Even though this was seen as a major move in support of startups, the payment of this contribution nevertheless creates a significant cash issue in companies with zero or little revenue. The amount of the contribution also cannot be properly anticipated, as it remains uncertain since it is based on the value of the share at the date of acquisition, (i.e. at least one year after the grant, in high growth companies where the valuation can grow very quickly).

Free shares could be much more attractive if their legal regime provided for flexibility in term of vesting acceleration and if the social contribution regime applicable to SMEs was adjusted to take into account their financial and cash capacities (e.g. reduced rate or contribution calculated on the value of the shares at the time of the allocation with a deferred payment).

Founders’ Warrants (BSPCE)

Founders’ warrants are very often seen as the most appropriate incentive mechanism for biotech and medtech companies as they are tax efficient for the beneficiaries, free for the companies and very flexible in terms of vesting and allocation conditions. Even if the tax regime on capital gains and founders’ warrants has been aligned to the 30% “flat tax,” founders’ warrants remain attractive.

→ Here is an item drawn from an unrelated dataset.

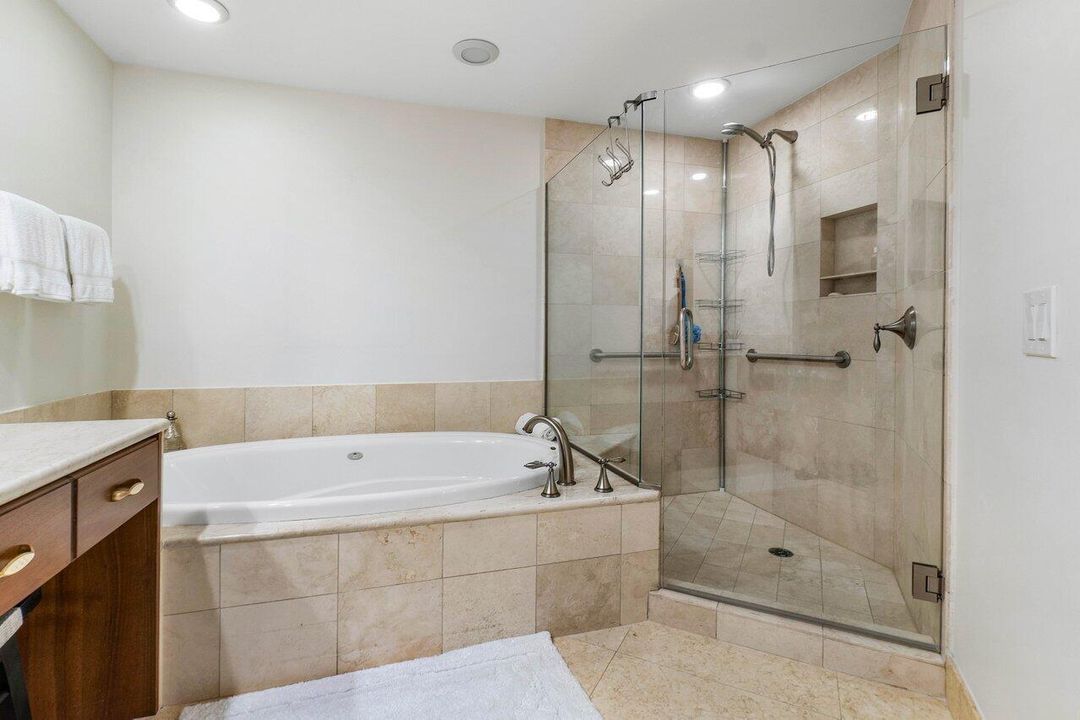 016-3800NorthOceanDrive-1651-RivieraBeac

However, not every company or person contributing to biotech and medtech companies is eligible for founders’ warrants.

SMEs need to comply with several conditions in order to be eligible for founders’ warrants. In particular, until recently, companies resulting from the acquisition of a preexisting business and/or any restructuring were not eligible. This condition has been softened and nowadays these companies remain eligible if the initial companies meet all other eligibility conditions.

One condition remains an issue for biotech and medtech companies. Only companies where 25% of their share capital is held since their inception by natural persons (or by legal persons where 75% of the share capital is directly held by natural persons) are eligible for founders’ warrants. The calculation method neutralizes French investment funds and foreign “equivalent structures,” but the French tax administration does not recognize US limited partnerships and most foreign funds as “equivalent structures.” Consequently, French biotech and medtech companies which have recourse to international funding often lose their eligibility for founders’ warrants. Clarifying and extending the conditions to all investment funds, regardless of their structure, would avoid complex issues for these companies.

Although the list of potential beneficiaries of founders’ warrants was extended to employees and executive officers of subsidiaries, non-executive officers are still not eligible. Parliament is currently discussing extending founders’ warrants to board members, supervisory board and members of equivalent corporate bodies of simplified stock companies (sociétés par actions simplifiées). This would be an important step forward as it would enable French biotech and medtech companies to remunerate their independent board members more easily and within a secured tax mechanism.

If founders’ warrants remain the most attractive incentive mechanism for biotech and medtech companies, they would benefit from legal amendments extending their eligibility and taking into account their ecosystem – for example, the necessity to hire and incentivize independent board members, and the need for larger and more international fund raising.